-------- DATA SEGMENT

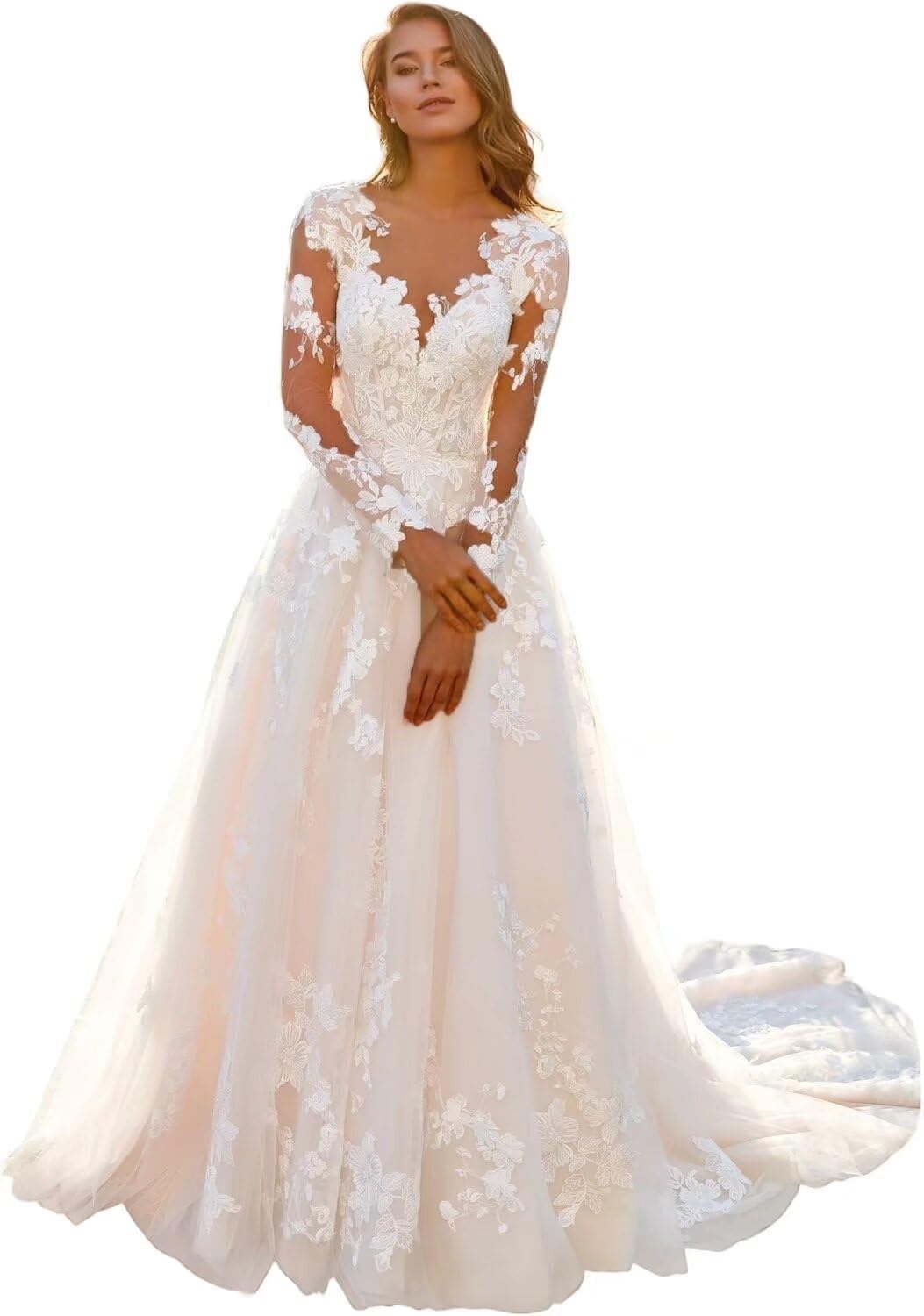 WOIDOCE Boho Mermaid Lace Satin Gown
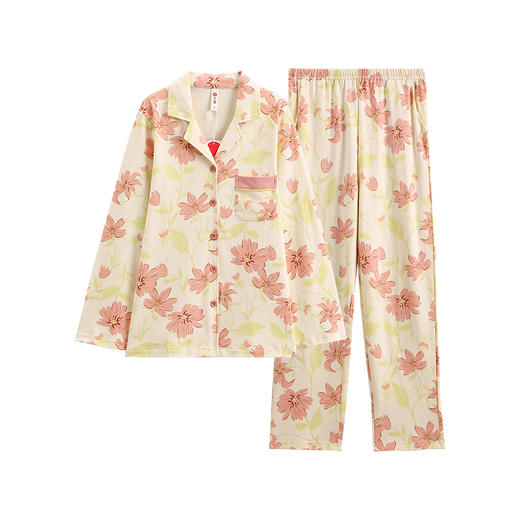 100%纯棉睡衣女秋季长袖开衫套装居家服 芬腾 商品图0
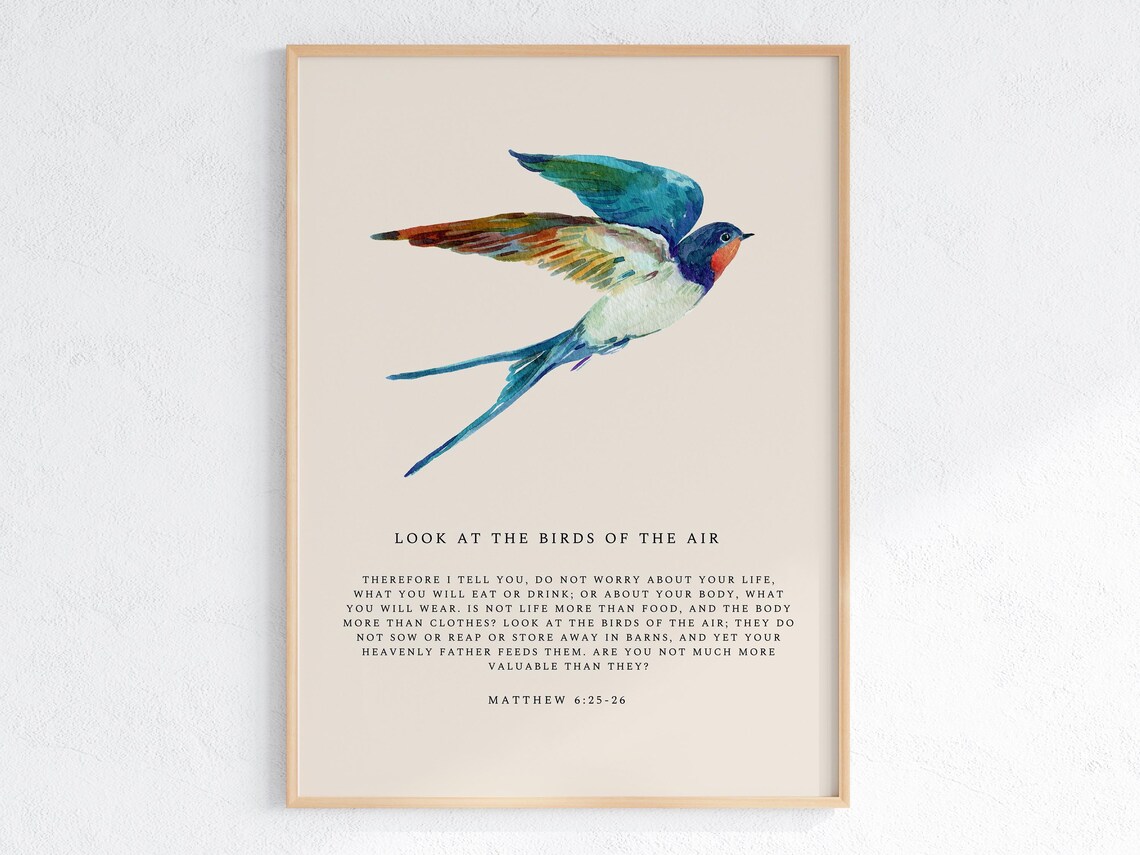 Matthew 6:25-26 Birds, Vintage Bible Verse Art Print - Image 4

----------------

WHAT THE TASK REQUIRES – Output all the data, exactly, without images.

RESULT –
 WOIDOCE Boho Mermaid Lace Satin Gown
 100%纯棉睡衣女秋季长袖开衫套装居家服 芬腾 商品图0
 Matthew 6:25-26 Birds, Vintage Bible Verse Art Print - Image 4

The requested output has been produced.